Romney Turns to Circular Argument for Upper-Class Tax Cuts
Mitt Romney may "love data", but he has a serious problem with math. He has simultaneously promised to (a) extend the Bush tax cuts and then slash all rates by an additional 20 percent and (b) keep Uncle Sam's total take "revenue-neutral" while (c) ensuring "that high-income people would continue to pay the same share of the tax burden that they do today." Like guaranteeing that the sun will rise in the west and set in the east, Romney's pledge is literally impossible.
Nevertheless, when the nonpartisan Tax Policy Center predicted that his $5 trillion, 10-year plan would deliver a tax cut windfall for the top five percent while hiking the effective rates for everyone else, Romney developed a novel new argument. The numbers problem, Romney insists, can be magically solved by closing tax loopholes and deductions. But which ones, of course, will remain secret until after the election. So any attempt to guess which of Mitt's mystery tax expenditures would be ended is therefore "garbage."

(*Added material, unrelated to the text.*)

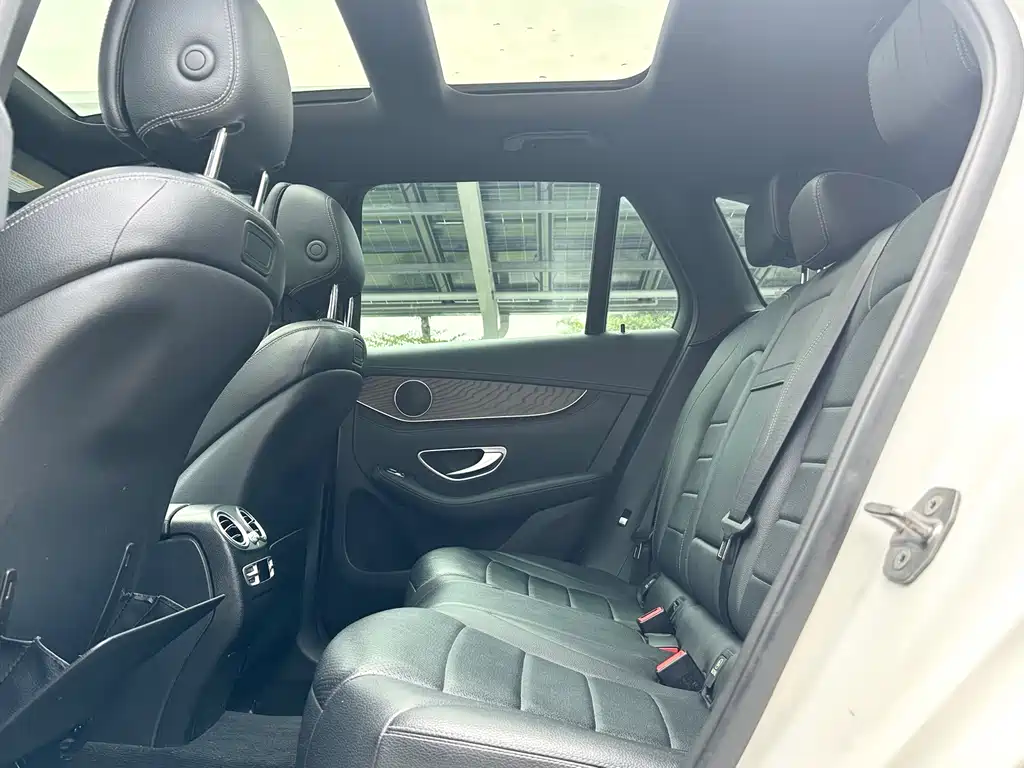 Mercedes-Benz GLC — миниатюра 12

If that tortured logic sounds like the Bush administration's claim that "waterboarding isn't torture because the United States doesn't torture," it should. Romney made his circular argument in an interview with Fortune:
FORTUNE: The Tax Policy Center says your revenue-neutral tax-cut scheme lowers the overall tax burden on the rich and raises it on the poor and middle class. Your advisor Eric Ferhnstrom calls their analysis a "joke." What's your response?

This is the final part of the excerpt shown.